Is there someone I can contact regarding this?

Thanks.
Noel Abrahams
Tuesday, March 06, 2012 7:07:10 PM UTC
Noel and Bill - I'm not seeing this widespread and I can't repro it, but Noel and I are emailing and I'll get the crash dumps looked at.

Azure folks, here's the offical word on Azure on Dev11. http://www.windowsazure.com/en-us/develop/vs11/
Friday, March 16, 2012 5:49:51 AM UTC
... and ServiceStack is the framework for building services where you care about your sanity.
Jack Sparrow
Tuesday, March 27, 2012 5:52:23 PM UTC
Why we have to download the whole 8GB+ Visual Studio, when we are going to work only on web platform + tools.

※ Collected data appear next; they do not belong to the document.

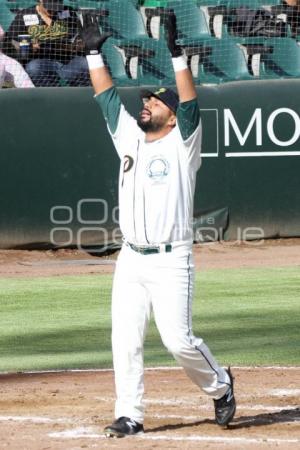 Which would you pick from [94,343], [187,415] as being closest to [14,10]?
[94,343]

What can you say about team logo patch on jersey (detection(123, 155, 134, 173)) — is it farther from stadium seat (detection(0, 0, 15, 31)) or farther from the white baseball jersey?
stadium seat (detection(0, 0, 15, 31))

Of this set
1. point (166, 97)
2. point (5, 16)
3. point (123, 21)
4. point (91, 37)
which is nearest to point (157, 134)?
point (166, 97)

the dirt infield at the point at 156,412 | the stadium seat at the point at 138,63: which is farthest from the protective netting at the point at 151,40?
the dirt infield at the point at 156,412

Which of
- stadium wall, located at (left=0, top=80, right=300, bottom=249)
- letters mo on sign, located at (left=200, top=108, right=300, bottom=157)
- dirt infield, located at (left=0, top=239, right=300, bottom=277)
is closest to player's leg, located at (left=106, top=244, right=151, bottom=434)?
dirt infield, located at (left=0, top=239, right=300, bottom=277)

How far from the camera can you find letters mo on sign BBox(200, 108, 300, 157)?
53.7 ft

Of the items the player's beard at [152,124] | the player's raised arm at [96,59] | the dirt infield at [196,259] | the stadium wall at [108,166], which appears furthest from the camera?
the stadium wall at [108,166]

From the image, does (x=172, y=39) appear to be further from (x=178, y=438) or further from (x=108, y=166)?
(x=108, y=166)

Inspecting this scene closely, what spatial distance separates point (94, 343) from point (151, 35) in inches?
350

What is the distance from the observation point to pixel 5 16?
1675cm

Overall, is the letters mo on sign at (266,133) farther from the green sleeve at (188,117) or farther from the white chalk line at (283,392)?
the green sleeve at (188,117)

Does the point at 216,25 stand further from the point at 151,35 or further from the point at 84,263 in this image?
the point at 84,263

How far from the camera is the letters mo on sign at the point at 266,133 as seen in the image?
16.4 metres

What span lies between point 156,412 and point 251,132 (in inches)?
407

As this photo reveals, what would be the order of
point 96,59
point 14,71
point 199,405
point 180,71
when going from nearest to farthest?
point 180,71 < point 96,59 < point 199,405 < point 14,71
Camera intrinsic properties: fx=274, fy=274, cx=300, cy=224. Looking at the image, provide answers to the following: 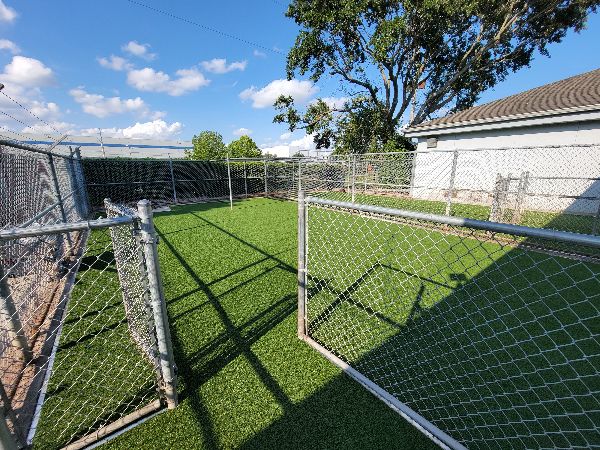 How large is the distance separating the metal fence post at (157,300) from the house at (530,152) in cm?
745

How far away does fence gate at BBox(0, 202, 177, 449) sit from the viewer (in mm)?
1663

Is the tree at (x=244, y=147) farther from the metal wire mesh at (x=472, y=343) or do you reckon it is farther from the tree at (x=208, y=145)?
the metal wire mesh at (x=472, y=343)

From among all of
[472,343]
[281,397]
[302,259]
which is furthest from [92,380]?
[472,343]

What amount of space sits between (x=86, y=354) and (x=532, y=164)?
12.4 m

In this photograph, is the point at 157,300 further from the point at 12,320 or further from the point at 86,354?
the point at 12,320

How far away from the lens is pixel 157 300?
1740 mm

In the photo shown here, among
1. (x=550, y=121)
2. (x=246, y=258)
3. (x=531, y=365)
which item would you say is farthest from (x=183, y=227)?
(x=550, y=121)

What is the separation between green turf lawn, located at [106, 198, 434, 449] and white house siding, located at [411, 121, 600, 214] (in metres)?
6.40

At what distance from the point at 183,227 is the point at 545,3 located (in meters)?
20.1

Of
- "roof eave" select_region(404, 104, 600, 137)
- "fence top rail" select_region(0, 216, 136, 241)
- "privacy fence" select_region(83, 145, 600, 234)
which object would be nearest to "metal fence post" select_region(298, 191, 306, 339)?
"fence top rail" select_region(0, 216, 136, 241)

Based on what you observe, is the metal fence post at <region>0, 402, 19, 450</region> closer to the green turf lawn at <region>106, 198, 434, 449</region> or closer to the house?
the green turf lawn at <region>106, 198, 434, 449</region>

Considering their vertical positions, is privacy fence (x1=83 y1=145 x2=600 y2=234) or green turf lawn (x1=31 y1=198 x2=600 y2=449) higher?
privacy fence (x1=83 y1=145 x2=600 y2=234)

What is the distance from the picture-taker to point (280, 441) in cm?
172

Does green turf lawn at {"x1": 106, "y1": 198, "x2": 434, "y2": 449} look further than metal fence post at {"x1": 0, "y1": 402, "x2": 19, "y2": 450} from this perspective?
Yes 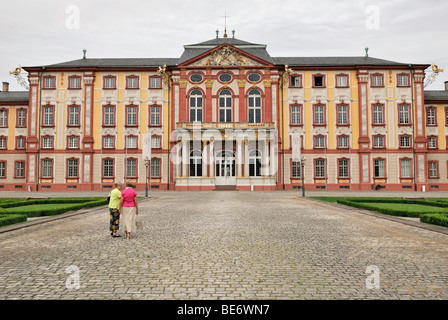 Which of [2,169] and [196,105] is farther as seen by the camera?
[2,169]

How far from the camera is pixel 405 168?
4266 centimetres

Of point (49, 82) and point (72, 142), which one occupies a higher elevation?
point (49, 82)

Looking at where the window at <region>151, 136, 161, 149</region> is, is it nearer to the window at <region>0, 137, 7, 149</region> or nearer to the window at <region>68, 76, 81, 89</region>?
the window at <region>68, 76, 81, 89</region>

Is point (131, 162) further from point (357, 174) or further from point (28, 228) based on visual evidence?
point (28, 228)

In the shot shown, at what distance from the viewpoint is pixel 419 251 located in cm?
822

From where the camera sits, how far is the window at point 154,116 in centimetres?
4391

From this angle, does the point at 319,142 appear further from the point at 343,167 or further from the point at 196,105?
the point at 196,105

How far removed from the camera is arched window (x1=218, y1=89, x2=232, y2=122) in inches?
1703

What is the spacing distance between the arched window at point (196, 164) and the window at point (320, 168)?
14.9 meters

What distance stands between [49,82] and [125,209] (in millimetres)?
40817

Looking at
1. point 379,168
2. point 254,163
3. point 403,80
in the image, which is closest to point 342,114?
point 379,168

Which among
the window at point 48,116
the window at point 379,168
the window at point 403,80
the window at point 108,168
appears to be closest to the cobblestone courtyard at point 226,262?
the window at point 108,168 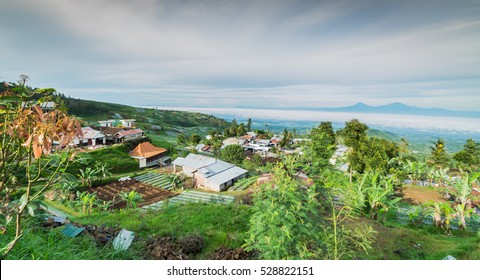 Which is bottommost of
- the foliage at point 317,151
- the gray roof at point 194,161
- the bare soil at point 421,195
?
the gray roof at point 194,161

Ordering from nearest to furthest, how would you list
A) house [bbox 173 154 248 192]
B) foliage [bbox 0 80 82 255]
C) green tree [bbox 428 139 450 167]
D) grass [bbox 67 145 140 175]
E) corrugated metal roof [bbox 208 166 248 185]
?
1. foliage [bbox 0 80 82 255]
2. grass [bbox 67 145 140 175]
3. corrugated metal roof [bbox 208 166 248 185]
4. house [bbox 173 154 248 192]
5. green tree [bbox 428 139 450 167]

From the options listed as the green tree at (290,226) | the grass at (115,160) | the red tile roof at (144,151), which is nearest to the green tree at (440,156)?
the green tree at (290,226)

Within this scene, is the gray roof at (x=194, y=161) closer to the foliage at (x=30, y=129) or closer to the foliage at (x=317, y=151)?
the foliage at (x=317, y=151)

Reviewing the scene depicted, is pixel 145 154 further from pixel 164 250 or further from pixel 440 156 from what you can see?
pixel 440 156

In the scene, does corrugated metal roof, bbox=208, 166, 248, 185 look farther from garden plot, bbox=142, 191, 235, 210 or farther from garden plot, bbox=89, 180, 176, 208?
garden plot, bbox=89, 180, 176, 208

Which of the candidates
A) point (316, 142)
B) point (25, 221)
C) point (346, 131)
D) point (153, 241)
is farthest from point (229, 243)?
point (346, 131)

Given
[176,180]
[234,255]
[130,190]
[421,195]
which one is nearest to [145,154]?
[130,190]

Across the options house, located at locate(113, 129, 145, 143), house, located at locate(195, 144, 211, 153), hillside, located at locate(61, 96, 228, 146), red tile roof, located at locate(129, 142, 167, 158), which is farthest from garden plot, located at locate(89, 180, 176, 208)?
house, located at locate(195, 144, 211, 153) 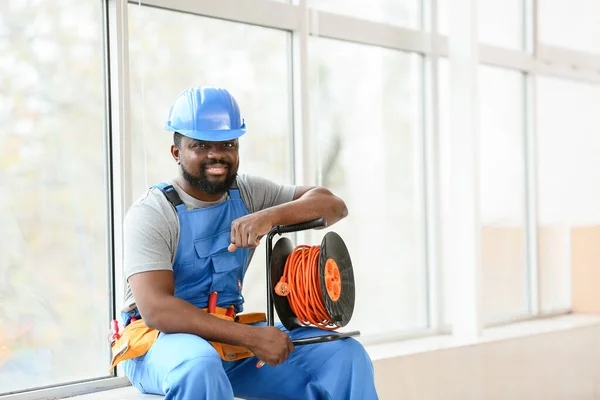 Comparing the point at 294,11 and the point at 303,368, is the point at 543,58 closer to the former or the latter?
the point at 294,11

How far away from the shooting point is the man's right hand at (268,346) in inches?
89.2

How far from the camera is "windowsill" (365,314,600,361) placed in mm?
3785

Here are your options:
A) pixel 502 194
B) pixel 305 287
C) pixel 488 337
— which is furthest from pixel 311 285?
pixel 502 194

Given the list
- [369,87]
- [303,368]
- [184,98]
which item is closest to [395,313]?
[369,87]

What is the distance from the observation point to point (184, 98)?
2486mm

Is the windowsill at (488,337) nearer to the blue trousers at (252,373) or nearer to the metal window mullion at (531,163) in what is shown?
the metal window mullion at (531,163)

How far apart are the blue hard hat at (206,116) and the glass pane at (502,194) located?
2578 mm

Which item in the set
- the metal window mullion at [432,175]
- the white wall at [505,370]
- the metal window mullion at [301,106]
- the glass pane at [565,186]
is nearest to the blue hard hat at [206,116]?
the metal window mullion at [301,106]

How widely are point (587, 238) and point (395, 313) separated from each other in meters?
1.83

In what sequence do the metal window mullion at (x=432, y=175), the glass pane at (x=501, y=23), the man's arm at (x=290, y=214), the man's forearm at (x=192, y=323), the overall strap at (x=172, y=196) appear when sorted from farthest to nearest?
the glass pane at (x=501, y=23) < the metal window mullion at (x=432, y=175) < the overall strap at (x=172, y=196) < the man's arm at (x=290, y=214) < the man's forearm at (x=192, y=323)

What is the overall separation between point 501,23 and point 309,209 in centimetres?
284

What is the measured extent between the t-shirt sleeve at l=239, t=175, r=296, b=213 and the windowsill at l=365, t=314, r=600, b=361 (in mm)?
1103

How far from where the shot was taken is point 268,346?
227 cm

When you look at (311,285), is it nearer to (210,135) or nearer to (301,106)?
(210,135) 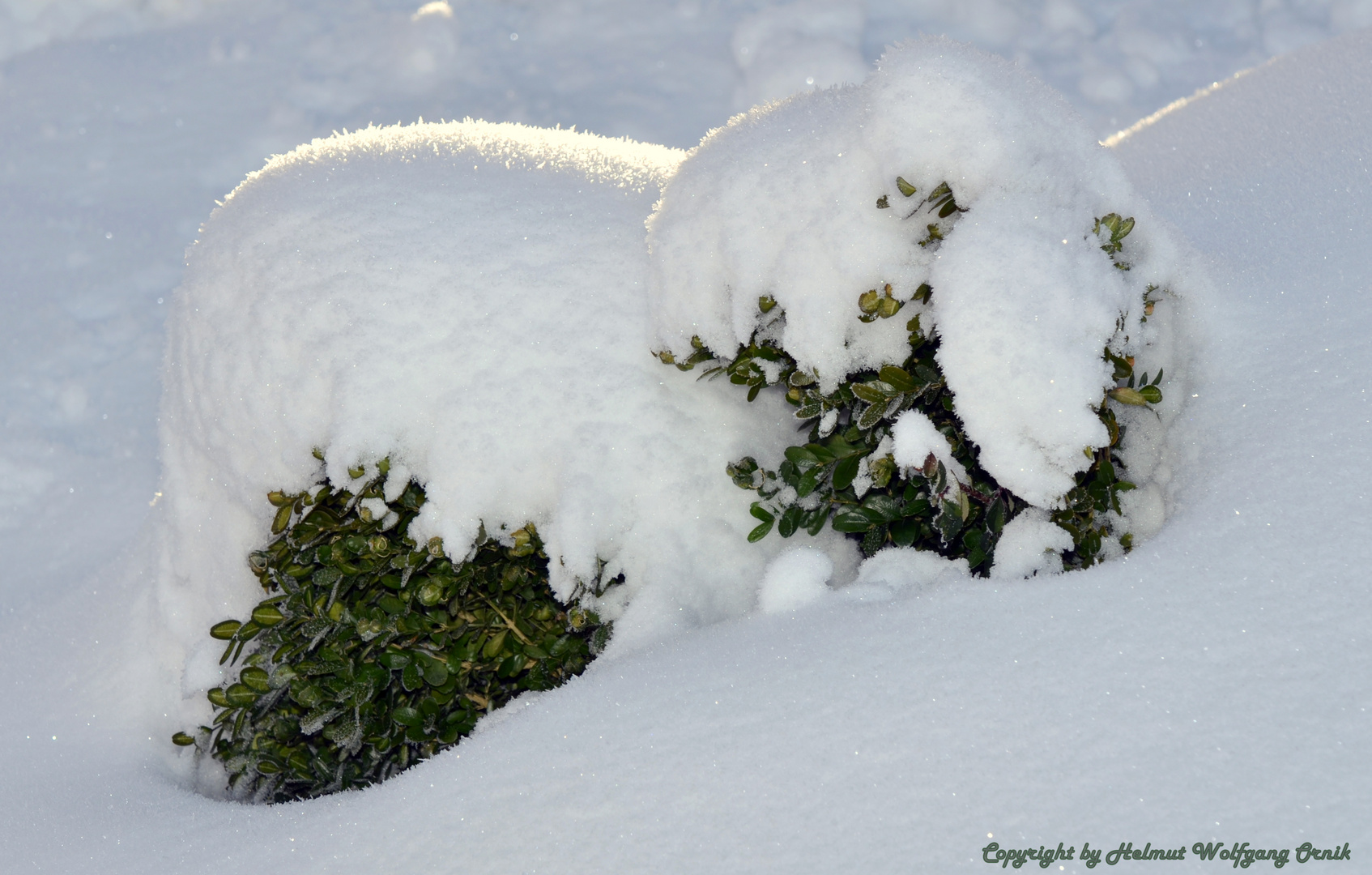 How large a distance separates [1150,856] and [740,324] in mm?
1006

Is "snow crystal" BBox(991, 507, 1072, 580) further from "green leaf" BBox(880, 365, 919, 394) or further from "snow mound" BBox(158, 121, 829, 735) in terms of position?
"snow mound" BBox(158, 121, 829, 735)

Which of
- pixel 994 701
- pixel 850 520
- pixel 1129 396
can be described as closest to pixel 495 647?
pixel 850 520

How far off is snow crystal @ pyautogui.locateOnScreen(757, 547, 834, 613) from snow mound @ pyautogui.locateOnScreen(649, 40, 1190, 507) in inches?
12.0

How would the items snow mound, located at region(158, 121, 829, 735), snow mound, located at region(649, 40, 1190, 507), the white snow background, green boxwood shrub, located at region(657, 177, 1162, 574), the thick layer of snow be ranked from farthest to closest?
the thick layer of snow, snow mound, located at region(158, 121, 829, 735), green boxwood shrub, located at region(657, 177, 1162, 574), snow mound, located at region(649, 40, 1190, 507), the white snow background

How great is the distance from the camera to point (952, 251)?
162 centimetres

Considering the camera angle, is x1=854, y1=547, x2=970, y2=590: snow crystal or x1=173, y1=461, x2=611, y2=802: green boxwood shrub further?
x1=173, y1=461, x2=611, y2=802: green boxwood shrub

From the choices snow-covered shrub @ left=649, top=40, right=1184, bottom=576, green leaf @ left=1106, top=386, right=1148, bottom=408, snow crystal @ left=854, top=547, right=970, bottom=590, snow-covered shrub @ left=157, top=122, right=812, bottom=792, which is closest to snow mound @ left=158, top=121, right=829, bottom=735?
snow-covered shrub @ left=157, top=122, right=812, bottom=792

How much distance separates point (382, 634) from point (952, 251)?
1.18m

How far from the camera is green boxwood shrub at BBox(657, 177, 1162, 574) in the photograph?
5.52ft

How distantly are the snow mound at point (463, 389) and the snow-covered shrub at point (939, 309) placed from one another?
118 mm

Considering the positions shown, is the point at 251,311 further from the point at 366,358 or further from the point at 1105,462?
the point at 1105,462

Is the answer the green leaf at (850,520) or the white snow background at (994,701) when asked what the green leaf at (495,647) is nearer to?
the white snow background at (994,701)

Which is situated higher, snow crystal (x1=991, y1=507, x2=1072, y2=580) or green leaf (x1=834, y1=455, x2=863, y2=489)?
green leaf (x1=834, y1=455, x2=863, y2=489)

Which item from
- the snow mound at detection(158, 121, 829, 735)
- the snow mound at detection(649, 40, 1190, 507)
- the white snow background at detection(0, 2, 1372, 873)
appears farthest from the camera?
the snow mound at detection(158, 121, 829, 735) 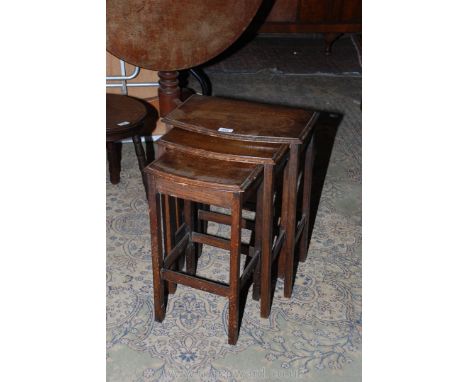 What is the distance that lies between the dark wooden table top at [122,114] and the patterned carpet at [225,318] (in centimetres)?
43

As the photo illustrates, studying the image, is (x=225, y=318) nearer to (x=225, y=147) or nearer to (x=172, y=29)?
(x=225, y=147)

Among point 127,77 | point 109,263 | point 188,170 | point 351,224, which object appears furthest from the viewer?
point 127,77

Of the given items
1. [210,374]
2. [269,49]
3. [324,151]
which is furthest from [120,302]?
[269,49]

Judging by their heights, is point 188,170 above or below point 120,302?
above

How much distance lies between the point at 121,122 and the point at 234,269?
0.99 metres

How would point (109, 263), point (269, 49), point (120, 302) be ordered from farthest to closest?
1. point (269, 49)
2. point (109, 263)
3. point (120, 302)

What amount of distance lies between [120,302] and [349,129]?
2.03 m

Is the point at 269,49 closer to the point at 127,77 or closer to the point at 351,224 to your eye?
the point at 127,77

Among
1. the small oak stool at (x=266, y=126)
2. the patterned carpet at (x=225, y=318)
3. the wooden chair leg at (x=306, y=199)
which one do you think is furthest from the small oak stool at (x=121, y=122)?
the wooden chair leg at (x=306, y=199)

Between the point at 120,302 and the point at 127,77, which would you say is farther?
the point at 127,77

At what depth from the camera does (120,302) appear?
83.4 inches

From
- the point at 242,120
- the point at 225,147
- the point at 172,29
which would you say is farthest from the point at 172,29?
the point at 225,147

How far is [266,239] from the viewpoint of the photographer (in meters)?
1.89

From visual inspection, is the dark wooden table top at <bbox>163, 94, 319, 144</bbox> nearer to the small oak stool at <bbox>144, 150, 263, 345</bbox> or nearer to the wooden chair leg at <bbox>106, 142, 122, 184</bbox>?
the small oak stool at <bbox>144, 150, 263, 345</bbox> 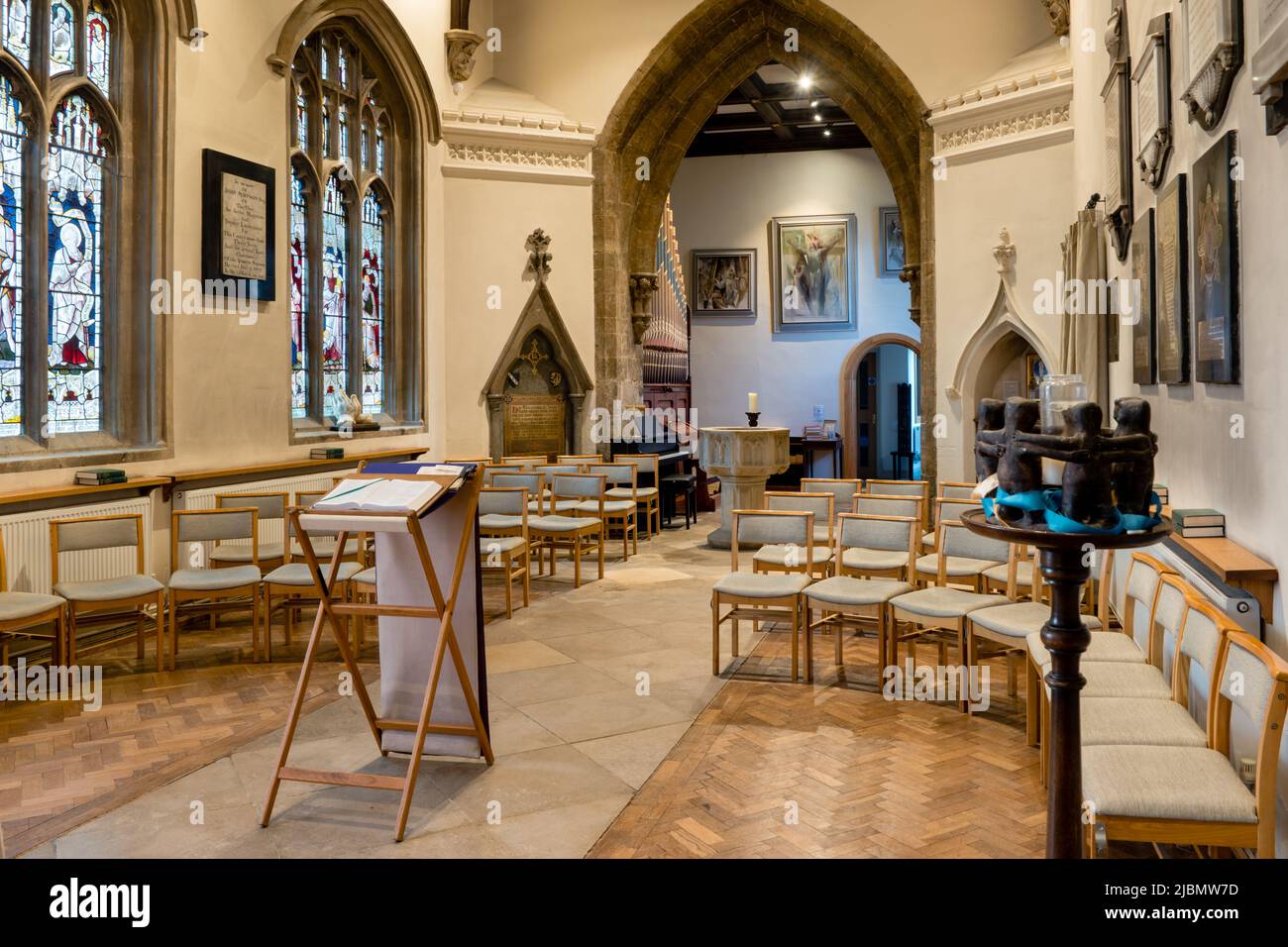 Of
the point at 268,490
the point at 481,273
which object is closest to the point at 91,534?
the point at 268,490

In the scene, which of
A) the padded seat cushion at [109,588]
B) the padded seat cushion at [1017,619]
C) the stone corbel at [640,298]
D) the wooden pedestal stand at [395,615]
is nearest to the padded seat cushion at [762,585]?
the padded seat cushion at [1017,619]

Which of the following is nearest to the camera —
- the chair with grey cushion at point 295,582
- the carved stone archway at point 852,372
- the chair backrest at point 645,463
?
the chair with grey cushion at point 295,582

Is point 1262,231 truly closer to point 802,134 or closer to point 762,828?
point 762,828

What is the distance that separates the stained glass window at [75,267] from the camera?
6215mm

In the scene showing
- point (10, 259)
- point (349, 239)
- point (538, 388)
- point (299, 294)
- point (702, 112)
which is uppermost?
point (702, 112)

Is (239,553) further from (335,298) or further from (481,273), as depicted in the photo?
(481,273)

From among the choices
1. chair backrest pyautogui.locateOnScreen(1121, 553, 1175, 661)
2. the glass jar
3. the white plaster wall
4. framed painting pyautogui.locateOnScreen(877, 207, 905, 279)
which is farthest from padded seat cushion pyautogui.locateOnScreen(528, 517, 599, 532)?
framed painting pyautogui.locateOnScreen(877, 207, 905, 279)

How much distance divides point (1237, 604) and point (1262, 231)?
3.64ft

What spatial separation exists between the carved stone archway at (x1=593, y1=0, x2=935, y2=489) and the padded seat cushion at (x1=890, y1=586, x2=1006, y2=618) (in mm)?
6032

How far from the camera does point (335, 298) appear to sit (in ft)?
30.7

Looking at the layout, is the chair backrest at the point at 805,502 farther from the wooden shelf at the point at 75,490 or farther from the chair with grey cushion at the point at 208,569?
the wooden shelf at the point at 75,490

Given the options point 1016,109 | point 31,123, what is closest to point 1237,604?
point 31,123

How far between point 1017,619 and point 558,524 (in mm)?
3916

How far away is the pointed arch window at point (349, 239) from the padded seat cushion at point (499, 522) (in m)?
2.48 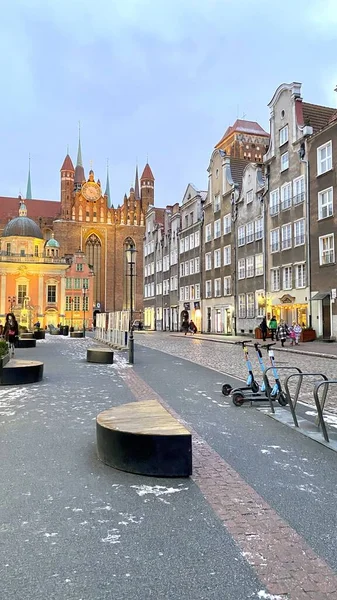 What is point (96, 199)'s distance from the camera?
336 feet

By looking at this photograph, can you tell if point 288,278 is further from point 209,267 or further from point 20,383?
point 20,383

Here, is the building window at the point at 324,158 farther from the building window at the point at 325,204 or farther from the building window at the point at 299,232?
the building window at the point at 299,232

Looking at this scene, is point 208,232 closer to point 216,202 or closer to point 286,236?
point 216,202

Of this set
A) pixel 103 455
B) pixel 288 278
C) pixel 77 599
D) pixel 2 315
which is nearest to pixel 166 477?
pixel 103 455

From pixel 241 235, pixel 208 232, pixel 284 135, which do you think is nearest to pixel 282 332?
pixel 241 235

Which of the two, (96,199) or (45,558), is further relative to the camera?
(96,199)

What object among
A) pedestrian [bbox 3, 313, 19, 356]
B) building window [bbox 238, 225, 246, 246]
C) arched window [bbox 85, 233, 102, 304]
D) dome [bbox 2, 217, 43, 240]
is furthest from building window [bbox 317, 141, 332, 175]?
arched window [bbox 85, 233, 102, 304]

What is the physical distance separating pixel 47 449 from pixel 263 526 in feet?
10.2

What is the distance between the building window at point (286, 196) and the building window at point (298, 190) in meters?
0.74

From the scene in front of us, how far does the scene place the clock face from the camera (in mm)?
102262

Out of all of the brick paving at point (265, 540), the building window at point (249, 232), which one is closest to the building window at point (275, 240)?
the building window at point (249, 232)

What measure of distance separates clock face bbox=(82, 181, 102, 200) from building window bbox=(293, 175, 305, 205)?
73339 mm

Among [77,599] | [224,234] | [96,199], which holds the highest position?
[96,199]

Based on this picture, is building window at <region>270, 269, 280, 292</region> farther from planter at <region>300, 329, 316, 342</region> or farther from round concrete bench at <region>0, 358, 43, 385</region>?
round concrete bench at <region>0, 358, 43, 385</region>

We don't need the C++ stuff. There should be option to select the module(s) which we need. Isn't it would be much better?

Thanks From Kuwait
Khuzema
Sunday, April 22, 2012 12:02:50 AM UTC
So, I just wanted somewhere to say this, and this post seems like an appropriate place.

Out of everything I have seen mentioned about the new VS11 my FAVORITE thing is opening up class files in a tree view and going directly to a method without having to open the file and look for it.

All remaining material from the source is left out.